Burgess explained the four ways property owners can be annexed into the city of Social Circle, including through a local act of the Legislature, through the submission of a petition signed by 100 percent of the property owners in an area, the submission of a petition signed by 60 percent of the property owners who own 60 percent of the land or through a referendum of the voters.
He said it's ideal to annex vacant land so that as it's developed it is done so in accordance with city ordinances. Burgess said, for example, it is much more expensive and cumbersome to bring already-developed roads up to city standards with curbing and sidewalks.

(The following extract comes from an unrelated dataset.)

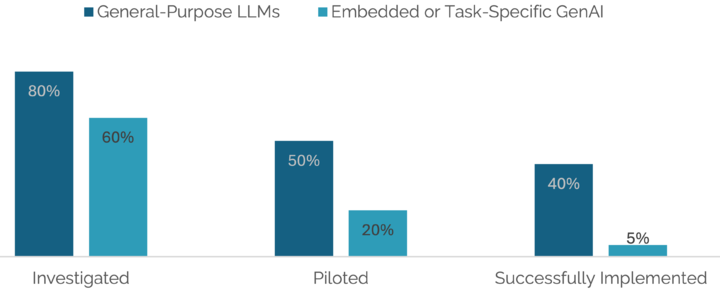 ▲ 从试点到实际应用，对于具体任务的 AI（浅蓝色）引入下降明显，成功实施仅有 5%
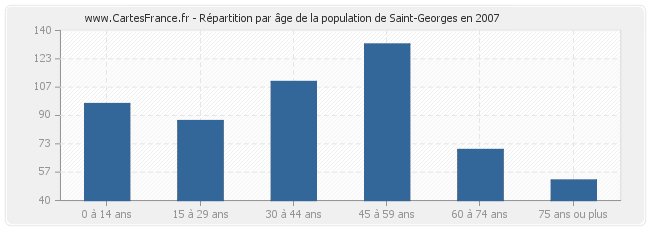 Répartition par âge de la population de Saint-Georges en 2007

Burgess' appeal that more property owners annex into the city of Social Circle comes on the heels of state Rep. Doug Holt's plans to introduce legislation that would de-annex a portion of Newton County that was brought into the city limits in 2008.
Holt, R-Social Circle, said earlier this month that he has crafted legislation that would de-annex property that is at the center of a zoning controversy. Before the legislation can be introduced, he needs the signatures of the other two state legislators who represent Social Circle, Rep. Jeff May, R-Monroe, and state Sen. John Douglas, R-Social Circle.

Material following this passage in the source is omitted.